Role of Electrolytic Capacitors and whether they can be replaced by Film capacitors in battery operated power converters

Question

In battery operated power converters such as motor controller ( half bridge or full bridge ) bulk capacitance is placed across Vdd and Gnd . I thought this was unnecessary since the input is DC and batteries can be considered as "big capacitors" . But after reading i found some of the reasons are :

a. Provide energy in case of high current draw at start , and absorb energy at stop (generated by inductive load).

b. Reduce Ripple current which causes overheat and over voltage .

1. Is there any more reasons ? which is more important ripple current specification or capacitance ?

For example : Assume there is a system that uses 1500uF capacitors with 3.3 A ripple current ,17mohm impedance at 100khz . The same company provides 560uF Capacitor with 2.18A ripple current 20mohm impedance at 100khz.

2. if two of 560uF are paralleled we will get roughly 1100uF with 4A ripple current , is this better or worse than a single 1500uF in the case of a motor controller ??

3. if Ripple current is more important than capacitance then what about using Film (Polypropylene) capacitors since they have very tempting characteristics. But they will have much lower capacitance about 15uF but current rating of 10A or more ?

Answer 1

1. As others have stated, both specifications are important, and there are other reasons for wanting capacitance on the power lines: preventing voltage droop from the battery if it can't supply current quickly (battery chemistry impacts this significantly), I*R losses if the battery is far away, path for motor transients (though I'd expect diodes and smaller ceramic caps, not electrolytics, across the bridge transistors for the faster transients).

2. This is questionable; you've left out tolerance. If the dual caps each have +/-20% tolerance, and you get one at +20% and one at -20%, they're not going to share current evenly because they have different impedances, which could lead to one failing prematurely, and the other shortly afterwards since it may not be able to handle the load by itself. Also keep in mind that higher tolerances tend to cluster near the outer limits, because values closer to nominal are typically sold with tighter tolerance specs for more money; that is, a +/-20% part is not likely to be within +/-10% tolerance, because those will be the +/-10% parts, etc.

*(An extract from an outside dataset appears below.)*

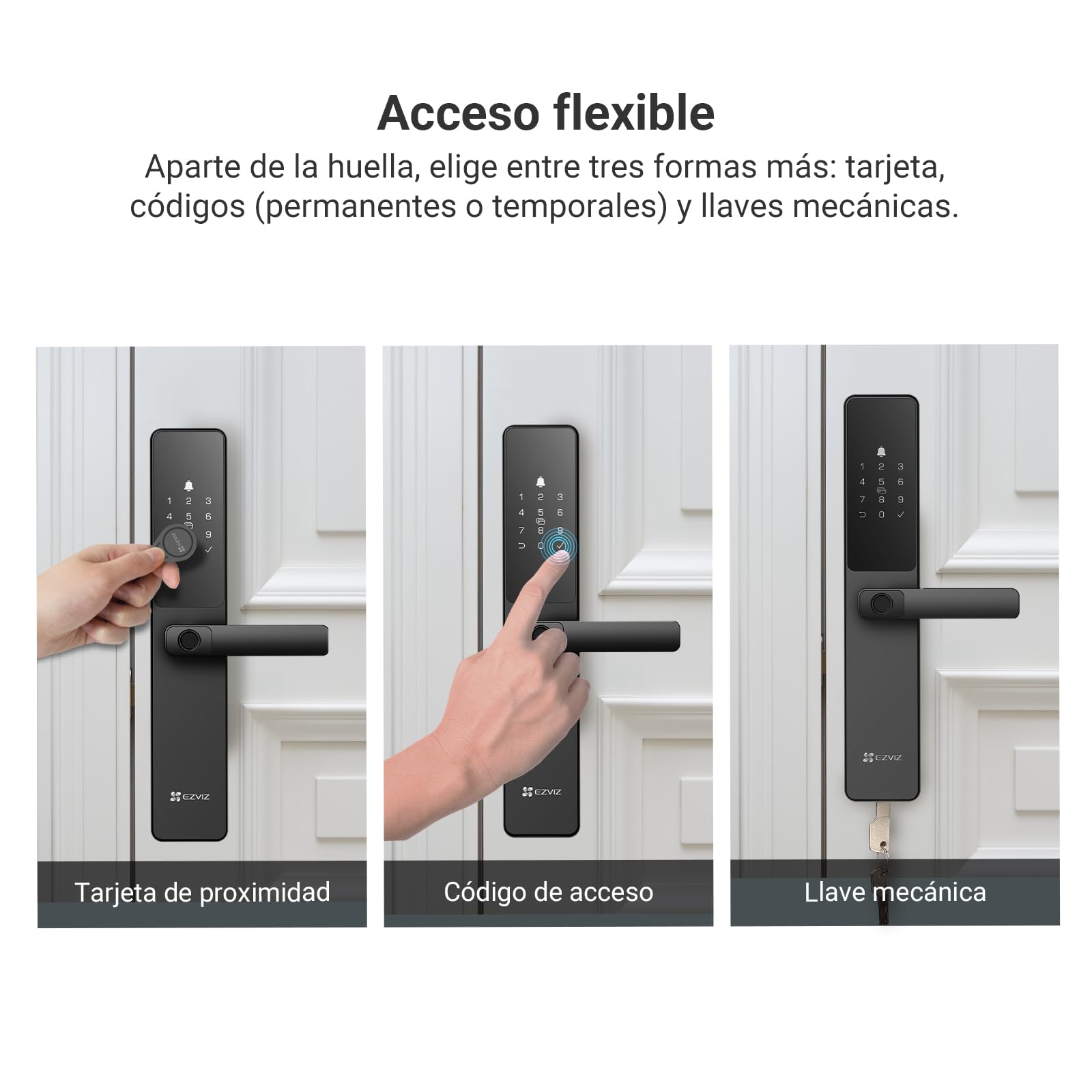 EZVIZ Cerradura Inteligente Y2000, Cerradura de Entrada Sin Llave 7 en 1, Acceso por Huella con Wifi, Impermeable, Cerradura de Seguridad Infantil para Hogar, Apartamento, Villa, Oficina, Hotel (5085)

3. The reduction in capacitance is not recommended. If 15 uF were sufficient for the intended load, the original designer likely would have gone with a 15 uF electrolytic instead of a 1500uF electrolytic; for the same voltage and current ratings, the 15 uF would be substantially cheaper and smaller. If you're using a different kind of motor than the original designer had in mind, you'd need to look into the suitability of the lower capacitance yourself.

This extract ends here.